Posts Tagged ‘toner’

Your Brother printer and you: How to get more life out of that toner cartridge.

I bought a couple Brother laser printers for here at work, a HL-2040 and one of their multifunction printer/copiers. They’re generally okay; they’re not great like the Xerox that would not stop running or the current HP LaserJet that replaced the Xerox but cannot replace its memory.

My two constant complaints with these printers is that 1) they curl pages, and 2) the printer thinks the toner cartridge is empty long before it actually is.

As it turns out, #1 is just a function of Brother printers being pretty much cheap crap. Not to say you don’t good bang for your buck, but you also get bad curl for your page. So much for that.

But #2 seems either malicious on Brother’s part, or incompetent on their engineer’s part. The sensor that detects low toner is placed above the empty level so there’s still toner left when the printer errors out and won’t let you print any more. Why it does this instead of simply printing until I can see that the toner is gone is beyond me; it’s disgustingly wasteful.

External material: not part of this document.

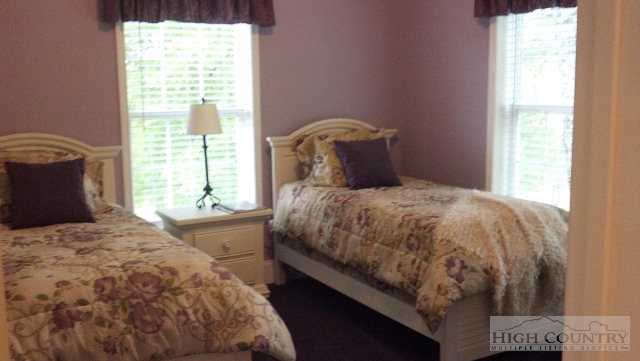 71 Golf Ridge Lane Newland, NC 28657 - Photo 6 of 25 Gallery Image 6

But though you can’t do anything about #1, you most certainly can deal with #2. This advice, though, comes without warranty. If you wreck your printer or something, don’t come complaining to me about this. For all I know, this is not safe.

If the printer is erroring out, saying that you are out of toner, place a bit of electrical tape over the sensors windows on each side of the toner cartridge. To do this you have to lift the cover, pull the drum out, remove the cartridge from the drum, and locate the windows. They should be small, round, semi-translucent windows on each side of the cartridge. Both will be located in exactly the same spot, as it seems the toner sensor is optical and basically shines a light right through to detect the toner level.

Place small bits of electrical tape or something else vaguely dark over the apertures, slide the cartridge back into the drum, slide the assembly back into the printer, close the top, and away you go. You will probably get at least 50% more life out of those cartridges.